Деспотизм играл фатальную роль в разных поколениях Чеховых. Егор Михайлович, его сын Павел Егорович, наконец, его внук Александр Павлович, — у всех этих представителей трех поколений чеховского рода мы встречаемся с чертами самовластия, необузданности, жесткого навязывания своей воли.
И, вместе с тем, всем трем поколениям присуща была и отмеченная черта фантазерства, связанная с художественной жилкой.
Егор Михайлович, при всей своей строгости, в письмах к сыну иной раз подшучивал над собой, у него проскальзывают неожиданные для вчерашнего крепостного крестьянина «литературные» интонации. Он пишет о себе то в первом лице, то вдруг в третьем:
«Я занят уборкою хлеба, который от солнечных жаров весь засушило и изжарило. Старец Чехов льет ног, терпит благословенный солнечный вар и зной, зато ночью спит спокойно».
Ясно уже из этих оборотов речи, что «старей Чехов» читал не только священное писание, а, по-видимому, и кое-какую беллетристику.
Любил он и такие торжественные обороты: «Не имею времени, милейшие наши деточки, через сию мертвую бумагу продолжать свою беседу за недосугами моими».
Оглядываясь на свою жизнь, сплошь прошедшую в труде и хлопотах, Егор Михайлович мот сказать, что своих целей он добился. Сыновей своих он пристроил к делу: Михаил стал в Калуге переплетчиком, Митрофан — приказчиком (в дальнейшем он, как и Павел Егорович, стал самостоятельным таганрогским «коммерсантом»), Павел — «мальчиком», а затем конторщиком у таганрогского купца.
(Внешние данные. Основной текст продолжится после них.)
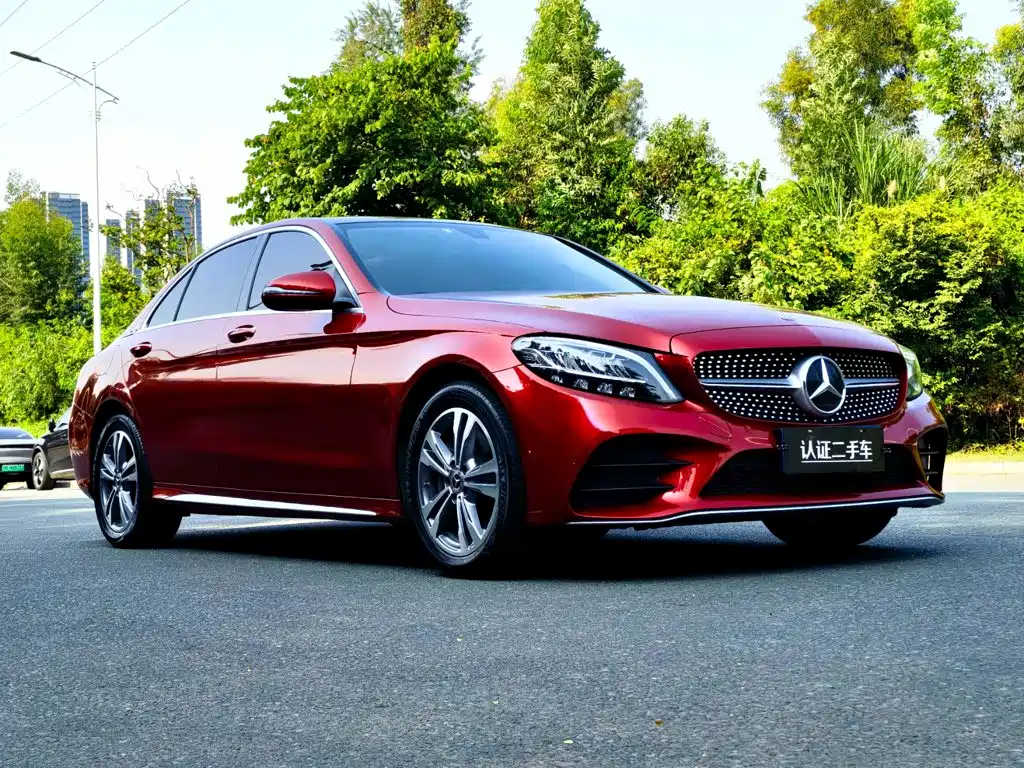 Mercedes-Benz C-Class — миниатюра 3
Передал он «деточкам» и свой крутой нрав, и упорный характер, и ту черту «фантазерства», которая у Павла Егоровича уже разрослась в явную художественную одаренность.
Павел Егорович был «коммерсантом», как он солидно называл себя, по профессии и художником по душе.
Служба его по конторско-приказчичьей части у именитого купца Кобылина, таганрогского городского головы, мало чем отличалась от жизни приказчиков, как она была нарисована Островским, а затем и Чеховым в повести «Три года». От раннего утра и до темна надо было угождать всем, приговаривая холопское «с», кланяться и улыбаться даже и тогда, когда приходилось сносить затрещины и пощечины; надо было тянуть лямку, откладывая скудные гроши.
Как и у его отца, у Павла Егоровича была цель в жизни: выйти из холопского состояния, стать независимым. Он мечтал стать хозяином собственной лавочки. Впрочем, склонный к торжественности, Павел Егорович мечтал не о лавочке, а о «коммерциозном» предприятии. Обладавший огромной настойчивостью, Павел Егорович добился своего. В 1857 году он открыл бакалейную лавочку, торговавшую и галантерейными товарами. Как и его отец, он очень серьезно относился к своему делу (впоследствии Антон Павлович, с улыбкой отмечая у себя самого педантическую любовь к порядку, объяснял это влиянием отца).
Но у Павла Егоровича не было той цельности, какая отличала Егора Михайловича. Тому ничто не мешало добиваться целей своей жизни. Павлу Егоровичу мешала его душа художника.